* Assigned task *
Below are the entries to work from; restate word for word the portion that opens with the line containing "CREME CHANTILLY SPRAY POLENGHI FRASCO 250G" and closes with the line containing "What We Think", keeping both.

(Data excerpts)

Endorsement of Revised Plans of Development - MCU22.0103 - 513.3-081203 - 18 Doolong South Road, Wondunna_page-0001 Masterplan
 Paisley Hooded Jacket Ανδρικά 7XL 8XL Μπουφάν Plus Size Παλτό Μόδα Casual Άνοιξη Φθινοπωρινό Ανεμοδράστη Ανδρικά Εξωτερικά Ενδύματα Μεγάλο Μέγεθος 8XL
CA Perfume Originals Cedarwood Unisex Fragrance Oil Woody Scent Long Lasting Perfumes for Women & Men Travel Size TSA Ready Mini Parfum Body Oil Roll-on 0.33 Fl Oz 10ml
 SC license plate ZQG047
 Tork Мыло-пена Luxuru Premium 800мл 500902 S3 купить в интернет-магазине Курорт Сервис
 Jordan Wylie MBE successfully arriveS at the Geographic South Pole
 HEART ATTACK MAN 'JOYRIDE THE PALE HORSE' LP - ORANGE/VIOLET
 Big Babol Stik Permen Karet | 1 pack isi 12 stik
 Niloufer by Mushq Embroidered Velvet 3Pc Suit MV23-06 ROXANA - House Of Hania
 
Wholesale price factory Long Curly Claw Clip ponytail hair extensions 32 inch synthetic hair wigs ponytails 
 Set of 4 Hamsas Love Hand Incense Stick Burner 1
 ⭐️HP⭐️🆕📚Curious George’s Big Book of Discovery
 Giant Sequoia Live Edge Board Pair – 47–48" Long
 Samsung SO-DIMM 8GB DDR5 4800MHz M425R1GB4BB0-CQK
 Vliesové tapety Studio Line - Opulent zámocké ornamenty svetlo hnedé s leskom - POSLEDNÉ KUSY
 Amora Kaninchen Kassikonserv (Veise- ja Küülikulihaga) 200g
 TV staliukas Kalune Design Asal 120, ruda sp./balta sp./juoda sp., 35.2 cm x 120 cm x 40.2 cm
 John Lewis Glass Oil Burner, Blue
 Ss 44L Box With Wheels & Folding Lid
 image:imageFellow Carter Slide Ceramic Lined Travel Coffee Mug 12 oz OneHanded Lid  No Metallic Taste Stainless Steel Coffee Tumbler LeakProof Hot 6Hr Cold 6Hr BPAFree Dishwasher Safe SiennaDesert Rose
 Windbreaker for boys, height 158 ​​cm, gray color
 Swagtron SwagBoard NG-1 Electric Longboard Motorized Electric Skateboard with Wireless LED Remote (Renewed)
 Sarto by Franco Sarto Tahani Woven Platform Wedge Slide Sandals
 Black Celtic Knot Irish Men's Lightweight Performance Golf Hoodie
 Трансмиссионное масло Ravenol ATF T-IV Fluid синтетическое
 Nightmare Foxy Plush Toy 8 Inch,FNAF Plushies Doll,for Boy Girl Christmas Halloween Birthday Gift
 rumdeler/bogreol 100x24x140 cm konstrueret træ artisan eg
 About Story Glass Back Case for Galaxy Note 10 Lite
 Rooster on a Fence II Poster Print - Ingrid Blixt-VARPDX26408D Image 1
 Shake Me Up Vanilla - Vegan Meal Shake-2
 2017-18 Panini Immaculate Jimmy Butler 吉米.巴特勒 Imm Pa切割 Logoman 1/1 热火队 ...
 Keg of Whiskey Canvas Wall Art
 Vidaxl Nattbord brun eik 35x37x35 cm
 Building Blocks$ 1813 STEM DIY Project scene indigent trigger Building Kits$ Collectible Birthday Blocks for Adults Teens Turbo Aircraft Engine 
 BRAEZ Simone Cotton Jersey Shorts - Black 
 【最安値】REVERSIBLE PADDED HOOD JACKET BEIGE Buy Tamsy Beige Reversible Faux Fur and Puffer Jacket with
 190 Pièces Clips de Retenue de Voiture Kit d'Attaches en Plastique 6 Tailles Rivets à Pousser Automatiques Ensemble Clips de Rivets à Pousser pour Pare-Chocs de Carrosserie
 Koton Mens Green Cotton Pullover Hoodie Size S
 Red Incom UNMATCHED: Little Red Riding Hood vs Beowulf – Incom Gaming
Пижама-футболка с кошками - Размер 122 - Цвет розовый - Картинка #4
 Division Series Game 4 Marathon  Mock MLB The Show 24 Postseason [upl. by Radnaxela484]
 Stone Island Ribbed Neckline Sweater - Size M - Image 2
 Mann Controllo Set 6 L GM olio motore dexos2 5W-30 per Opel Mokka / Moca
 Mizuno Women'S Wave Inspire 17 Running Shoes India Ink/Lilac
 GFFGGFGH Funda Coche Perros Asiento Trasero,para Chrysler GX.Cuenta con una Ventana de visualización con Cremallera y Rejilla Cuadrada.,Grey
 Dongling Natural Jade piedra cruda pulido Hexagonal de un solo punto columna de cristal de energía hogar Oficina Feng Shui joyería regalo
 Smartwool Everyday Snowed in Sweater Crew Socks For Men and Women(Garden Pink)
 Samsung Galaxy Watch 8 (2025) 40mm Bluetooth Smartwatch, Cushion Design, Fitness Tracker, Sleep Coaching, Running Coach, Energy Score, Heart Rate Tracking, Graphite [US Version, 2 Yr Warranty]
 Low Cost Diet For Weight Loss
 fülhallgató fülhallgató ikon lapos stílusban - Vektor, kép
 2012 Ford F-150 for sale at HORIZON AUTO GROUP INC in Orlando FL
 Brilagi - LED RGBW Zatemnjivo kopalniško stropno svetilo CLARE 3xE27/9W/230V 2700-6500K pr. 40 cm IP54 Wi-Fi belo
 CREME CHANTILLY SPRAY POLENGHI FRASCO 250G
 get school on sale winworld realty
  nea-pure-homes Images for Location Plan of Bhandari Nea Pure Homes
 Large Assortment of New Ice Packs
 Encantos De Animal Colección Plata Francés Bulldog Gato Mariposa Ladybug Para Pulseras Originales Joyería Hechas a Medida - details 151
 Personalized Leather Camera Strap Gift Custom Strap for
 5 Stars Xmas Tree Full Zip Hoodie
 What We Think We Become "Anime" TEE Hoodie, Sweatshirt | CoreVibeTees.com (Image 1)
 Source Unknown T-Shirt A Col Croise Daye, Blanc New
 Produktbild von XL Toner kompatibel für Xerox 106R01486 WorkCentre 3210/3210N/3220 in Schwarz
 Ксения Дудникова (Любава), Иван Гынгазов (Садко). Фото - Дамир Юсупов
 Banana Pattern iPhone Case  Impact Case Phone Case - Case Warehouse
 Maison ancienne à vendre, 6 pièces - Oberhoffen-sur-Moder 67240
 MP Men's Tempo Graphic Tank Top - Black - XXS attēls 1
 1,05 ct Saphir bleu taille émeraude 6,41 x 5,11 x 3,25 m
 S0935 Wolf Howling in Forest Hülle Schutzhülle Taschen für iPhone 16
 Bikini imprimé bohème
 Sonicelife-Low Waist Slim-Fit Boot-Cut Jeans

* Your solution *
 CREME CHANTILLY SPRAY POLENGHI FRASCO 250G
 get school on sale winworld realty
  nea-pure-homes Images for Location Plan of Bhandari Nea Pure Homes
 Large Assortment of New Ice Packs
 Encantos De Animal Colección Plata Francés Bulldog Gato Mariposa Ladybug Para Pulseras Originales Joyería Hechas a Medida - details 151
 Personalized Leather Camera Strap Gift Custom Strap for
 5 Stars Xmas Tree Full Zip Hoodie
 What We Think We Become "Anime" TEE Hoodie, Sweatshirt | CoreVibeTees.com (Image 1)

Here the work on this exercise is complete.